- **Your objective**
The expected output is an exact copy of the lines from the one containing "人生的演讲稿大学范文（22篇）" through the final line of the entries below, with no images.

Data items
===============
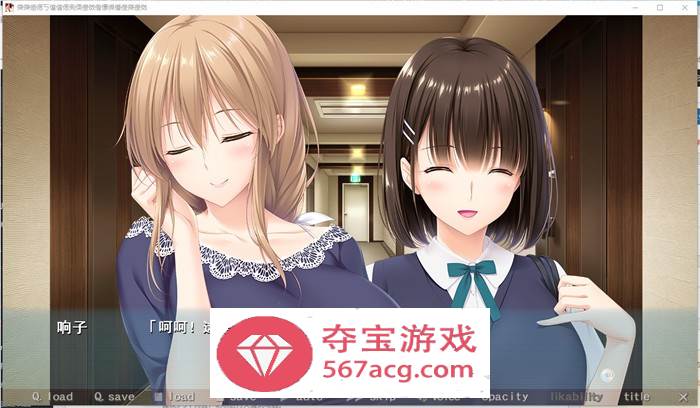 【拔作ADV汉化】和妈妈来一场秘而不宣的性爱吧 精翻汉化版+全CG存档【新汉化CV4G】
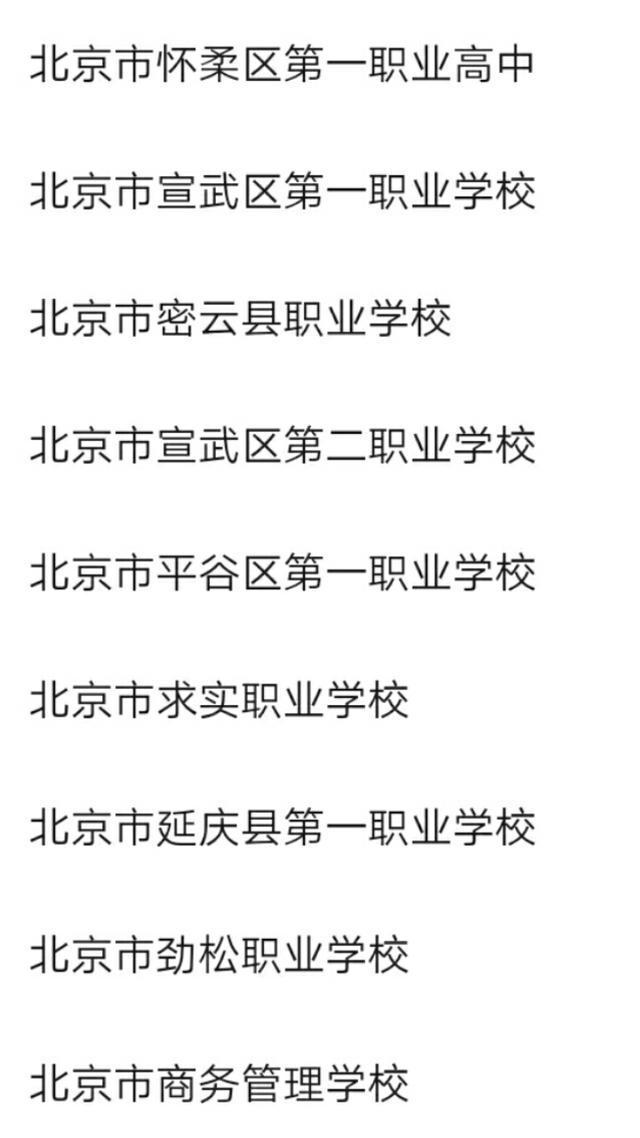 北京科技经营管理学院怎么样-北京科技经营职业技术学院大学是公办还是民办？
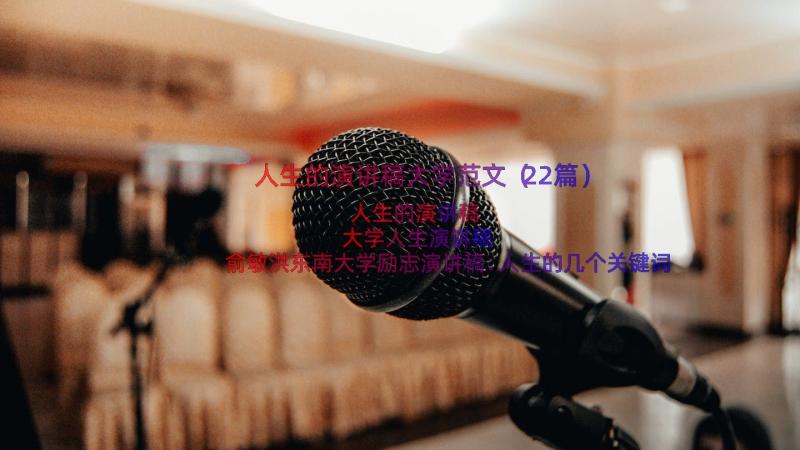 人生的演讲稿大学范文（22篇）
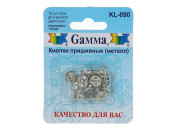 Кнопки пришивные, d=9 мм, 10шт, цвет серебро 1183640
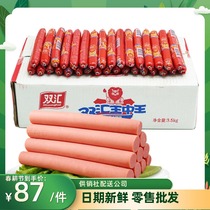 Shuanghui high quality Wang Zhongwang ham 45g*100pcs 35g meat snacks whole box sausage fried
===============
- **Reply**
 人生的演讲稿大学范文（22篇）
 Кнопки пришивные, d=9 мм, 10шт, цвет серебро 1183640
 Shuanghui high quality Wang Zhongwang ham 45g*100pcs 35g meat snacks whole box sausage fried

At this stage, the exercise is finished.